» Instructions to follow
Copy the data exactly. Images are to be left out.

» Dataset section
————
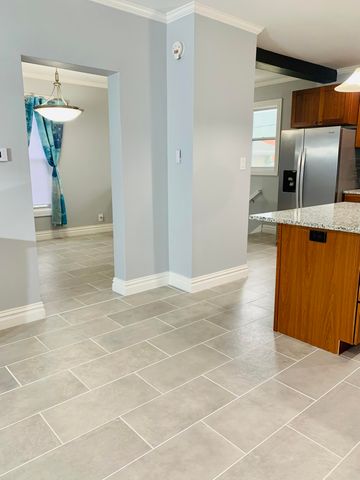 124 E 10th Street, Michigan City, IN 46360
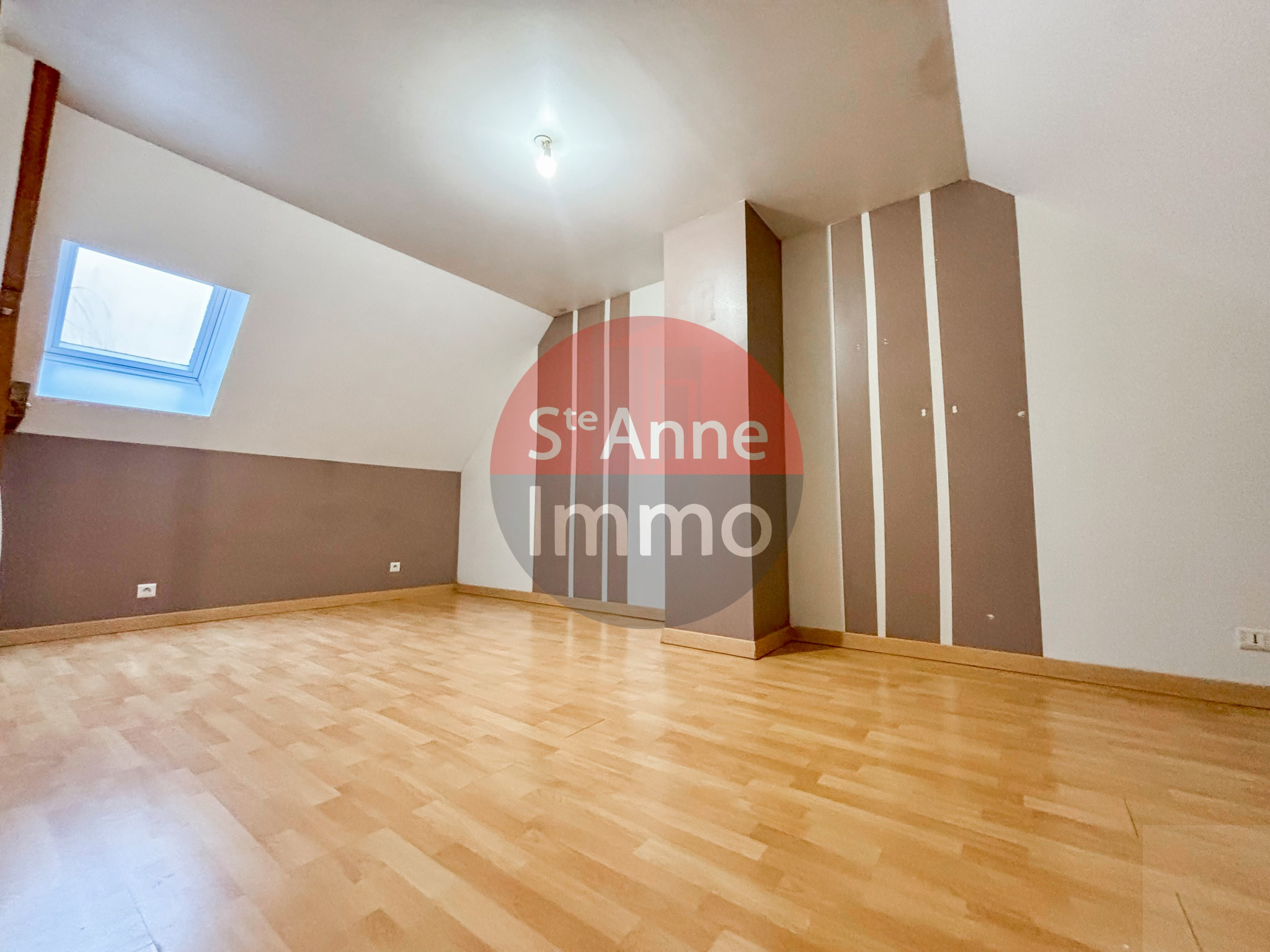 Immo80 – L'immobilier à Amiens et dans la Somme-CONTY – MAISON INDIVIDUELLE – 3 CHAMBRES – DEPENDANCES – SOUS SOL COMPLET – GARAGE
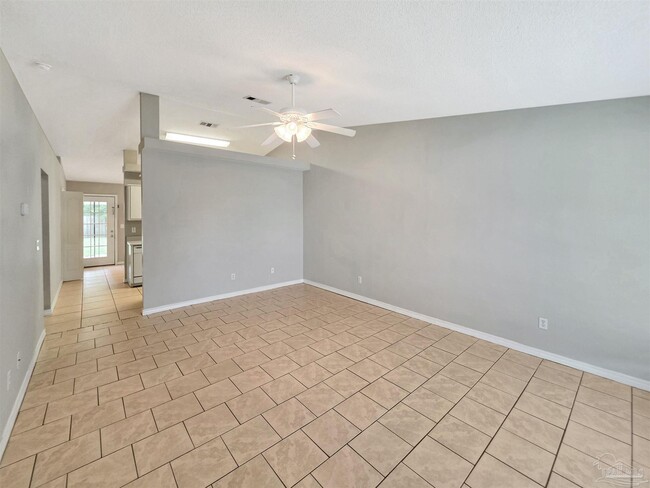 Photo - 3359 Green Briar Cir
————
» Output
 124 E 10th Street, Michigan City, IN 46360
 Immo80 – L'immobilier à Amiens et dans la Somme-CONTY – MAISON INDIVIDUELLE – 3 CHAMBRES – DEPENDANCES – SOUS SOL COMPLET – GARAGE
 Photo - 3359 Green Briar Cir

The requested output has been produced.